From the empirical point of view it is important to note that in the cases studied we have observed a difference between two kinds of participant, namely those whose activity profiles have values close to those of the ideal for exercising EI on the participation indices (readings, contributions and patterns of contribution) but not on the indices of presence (log-ins and patterns of log-ins), and those whose activity profiles have values close to those of the ideal profile on the indices of presence but not on those for participation. The difference becomes apparent when one analyses the content of the contributions made by these two kinds of participant, since the former group are more active in terms of the real extent to which EI is exercised. This is an additional argument in favour of revising the procedure used to draw up the activity profiles, along the lines suggested in the previous paragraph.   There are no doubt other aspects of the procedure used to produce activity profiles that could be improved and refined.

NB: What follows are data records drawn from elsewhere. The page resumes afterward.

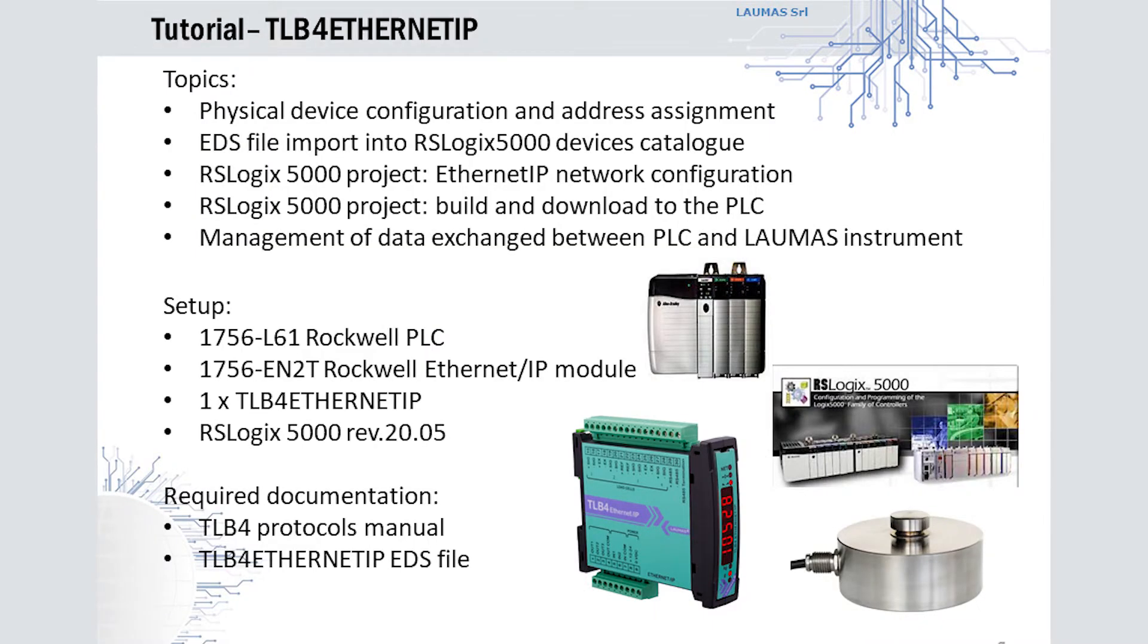Welcome to this video tutorial dedicated to the integration of a TLB4 multi-channel weighted transmitter into an Ethernet IP network managed by an Allen-Bradley PLC. The setup consists of an Allen-Bradley 1756-L61 PLC module, a 1756-EN2T Ethernet IP module, and a TLB4 Ethernet IP multichannel weighted transmitter.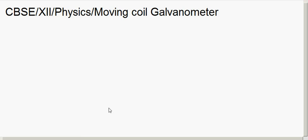In today's class we will see the current sensitivity and voltage sensitivity of a galvanometer. In the last class we discussed how a galvanometer can be converted into an ammeter and also a voltmeter.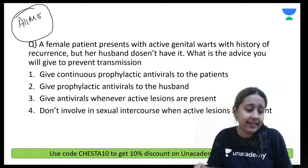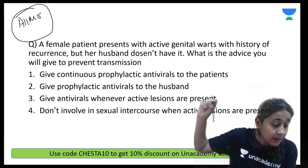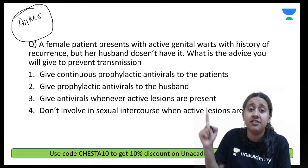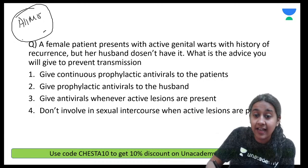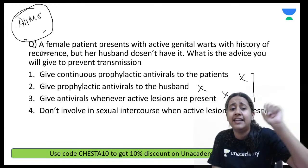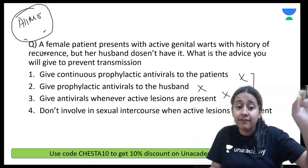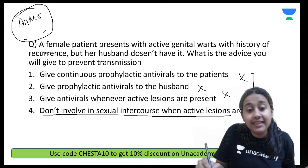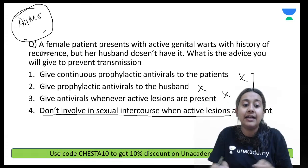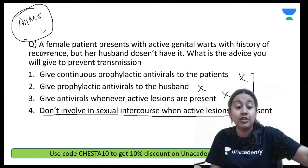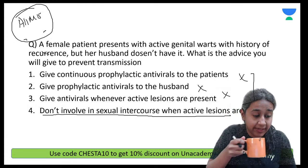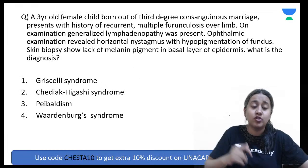This question is from a recent AIIMS 2020/2019 exam. There is no preventive therapy, no vaccine, and no drug which can prevent the development of genital warts. You cannot give anything to the husband to prevent the disease. The only advice is that the husband should avoid sexual intercourse with the wife when active lesions are present. The correct answer is option 4.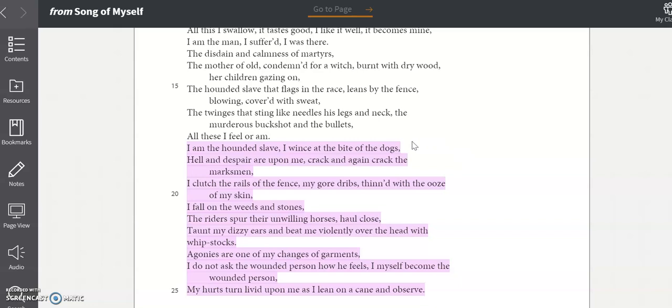Is it fair for Whitman to write from a perspective he's never experienced? Is it fair for him to take on the pain and suffering of a slave when he himself has lived the privileged life of a southern white man in the 1800s? I'm not going to answer those questions for you, they're something you have to answer yourself, but they are something to consider as you read this portion of the poem.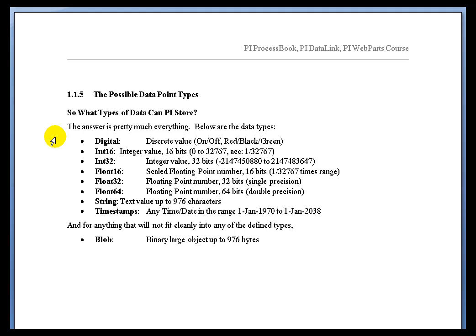The topic is PI Points, so let's go over all the different point types in PI. First of all, we have the digital tags that I'd mentioned earlier.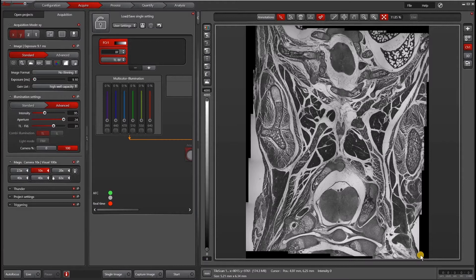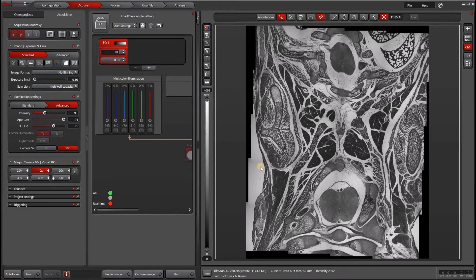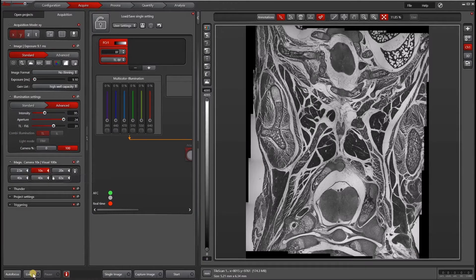The first thing we're going to do is make sure you're on an objective that is lower mag. Currently I'm on the 10x, 5x also works well.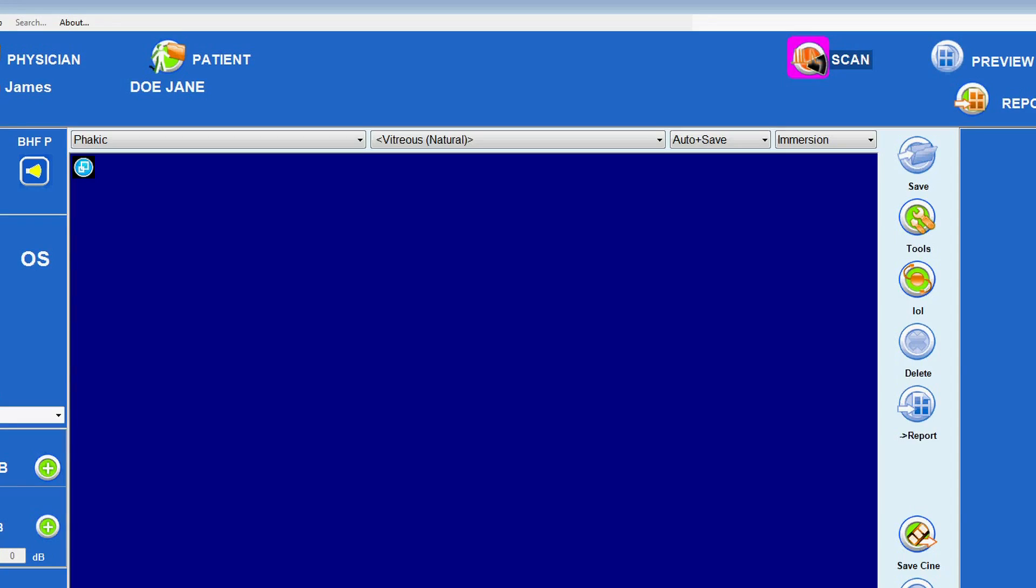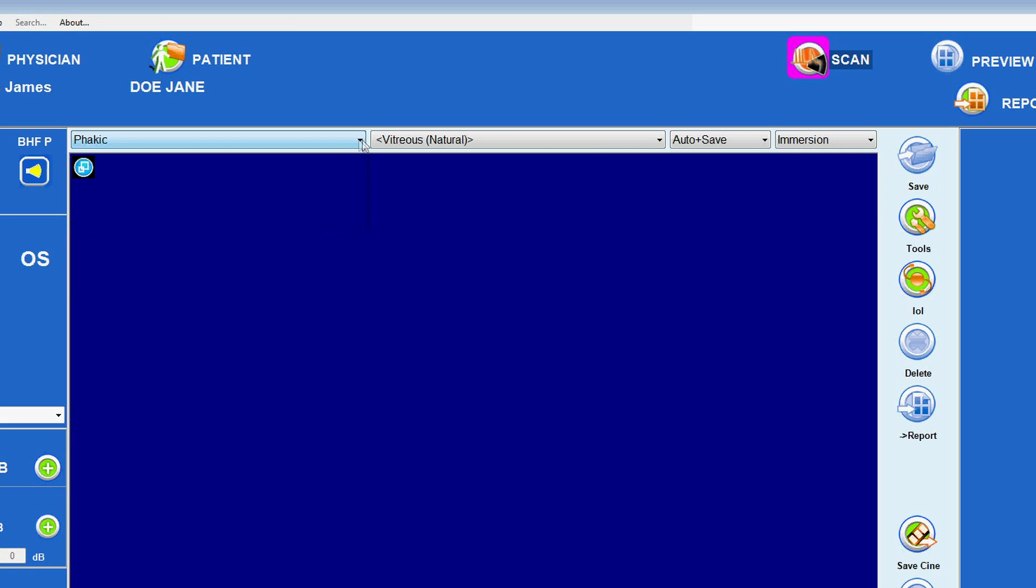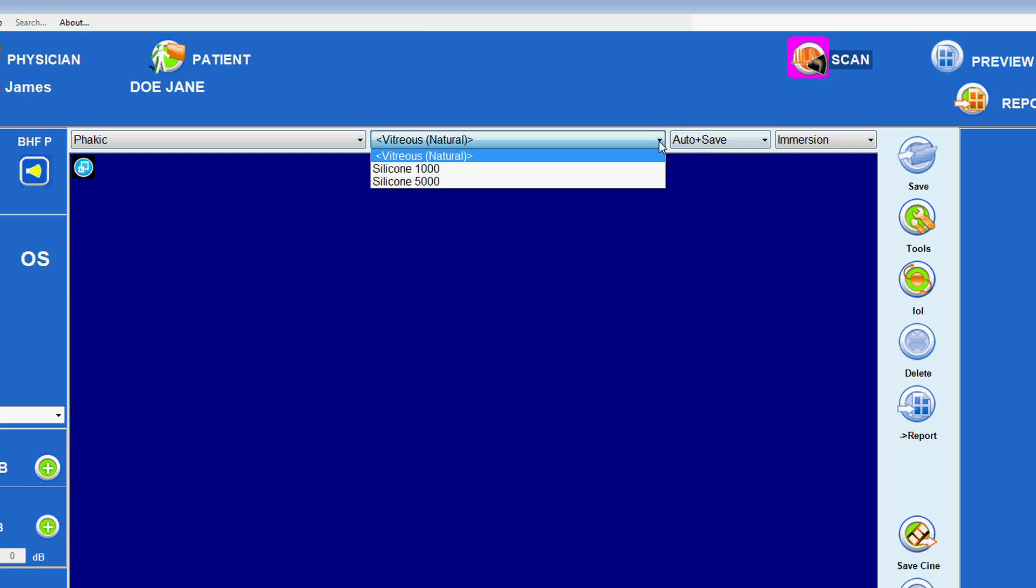The parameters of the eye can be changed by using the drop-down lists at the top of the screen. Choose the eye type, phacic, aphacic, or pseudophacic. And for those who are pseudophacic, indicate the IOL material, PMMA, acrylic, or silicone.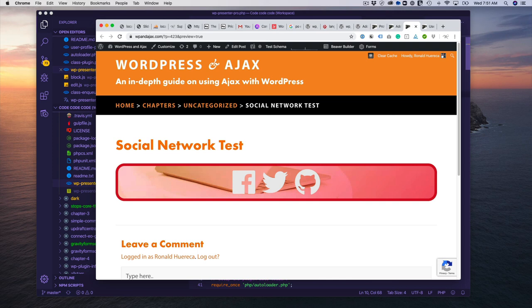So that's it for Social Networks for User Profile Picture. There's also a template function if you want to manually put it in your template code, and there's also a REST API that you can grab those social networks for a particular user. Thank you for watching.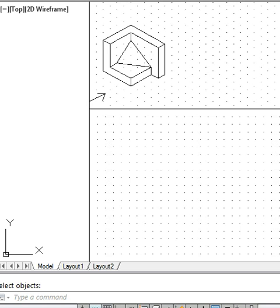Welcome friends. In this video tutorial we will demonstrate the procedure we adopt in making the orthographic projection for a simple object as shown in the figure. We normally start with identifying the surfaces. This object has a number of surfaces — most of them are principal surfaces and one is a skew surface.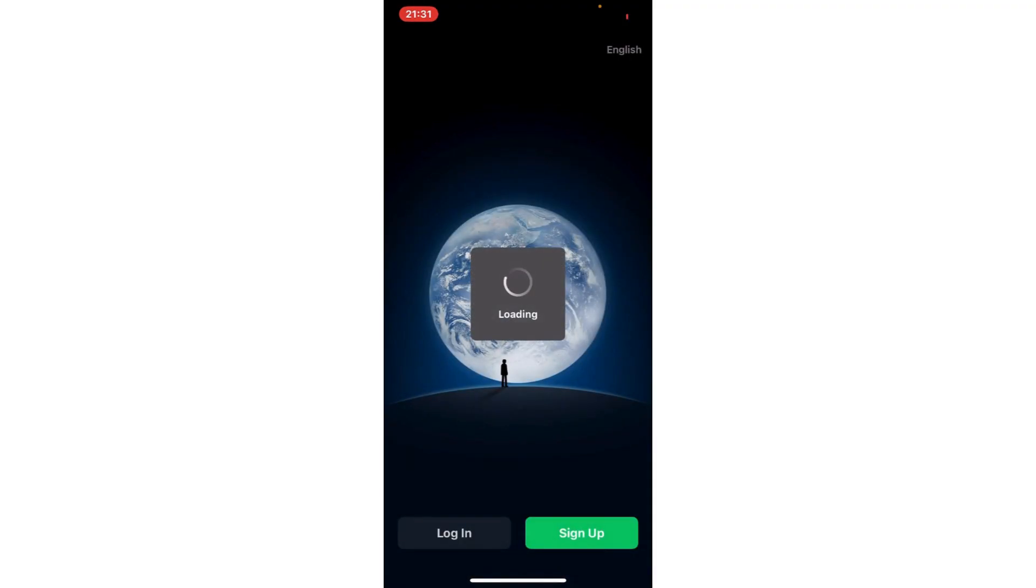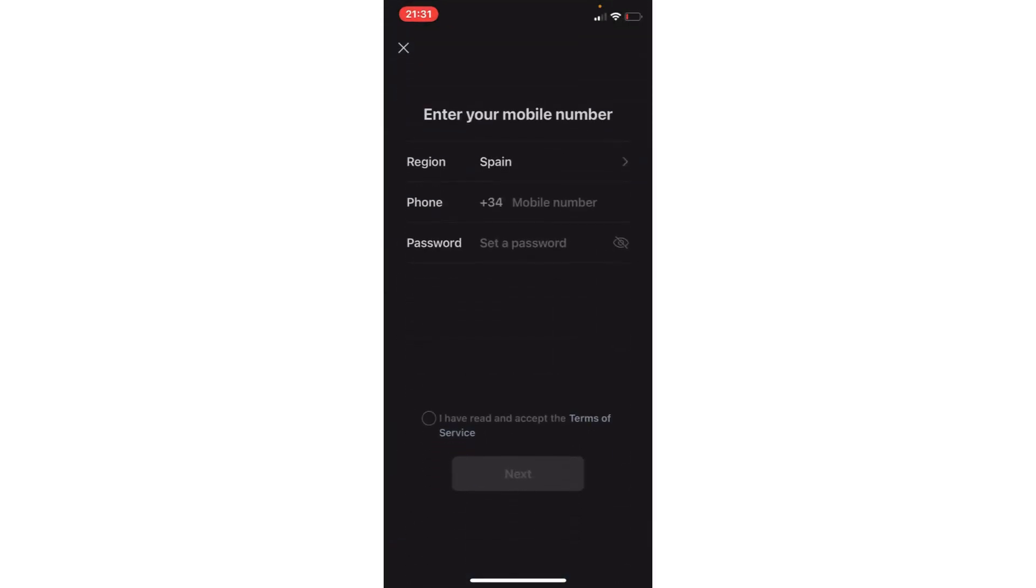Here we would have to choose our region, our country. In this case, for example, Spain. And here we enter our phone number with the prefix and the password.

Nevertheless, the points made so far are sufficient to illustrate the relevance and feasibility of attempting to develop a system of indicators of the quality of online collaborative learning processes that incorporates the approach and contributions of research on DEI. The potential interest of such a development is reinforced by the fact that the majority of existing computer-supported environments produce activity registers that include the information required to calculate the indices on which our profiles are based, and they can also process this information automatically such that the corresponding profiles would be produced practically in real time.  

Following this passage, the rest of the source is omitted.